The laser has gone a bit soft in its middle age. Since its invention, it’s gone from inspiring sci-fi epics full of death-rays to scanning gallons of milk at supermarkets. If it’s lost a little of its coolness, its ubiquity surely offers some consolation. Originally an acronym for “light amplification by stimulated emission of radiation,” the laser is a source of high-energy light of a single wavelength. The fact that laser beams consist of a single wavelength of light means that they are monochromatic, with colors that range from infrared through the visible spectrum’s rainbow.

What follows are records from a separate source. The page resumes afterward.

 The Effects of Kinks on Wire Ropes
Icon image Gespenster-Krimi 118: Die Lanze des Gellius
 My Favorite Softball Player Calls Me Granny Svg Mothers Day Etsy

Theodore Maiman debuted the first laser in 1960. He wrapped a cylindrical crystal of ruby in a spiral-bulbed, high-intensity lamp, with a solid mirror on one end and a partially reflecting mirror on the other end. When the lamp flashed, it began a chain reaction in the atoms of the ruby. They absorbed the blue and green energy of the light and released photons of red light. Those photons bounced back and forth between the mirrors and through the crystal’s atoms, the light becoming amplified with every reflection. Some of that red light escaped through the partially reflecting mirror, creating a beam that could produce 10,000 watts at its peak. (A lighthouse’s 1,000-watt bulb can be seen from 20 miles away on the other side of the ocean.)
Today, lasers can produce light that is billions of times more powerful. Scientists in 1969 bounced a laser off a reflector on the moon, measuring its distance of more than 250,000 miles. Even at such lengths, the laser beam stays roughly the same size thanks to the orderliness of its light waves.
The first laser was invented in the spirit of pure scientific discovery, and some scientists teased that it was “a solution looking for a problem.” It’s found hundreds of problems to solve in the decades since then—many in the realm of cosmetic medicine. The cosmetic potential of laser light lies in its color. Wavelengths and frequencies can be set in sync with the color of their target, producing heat that destroys only one specific type of tissue. During hair-removal treatments, for example, lasers that penetrate into the upper tissue without damaging it seek out the dark brown of the melanin in the hair root, creating heat that damages its ability to grow. Likewise, during laser tattoo removal, lasers target the pigment in the ink, breaking up the colors until the tattoo fades.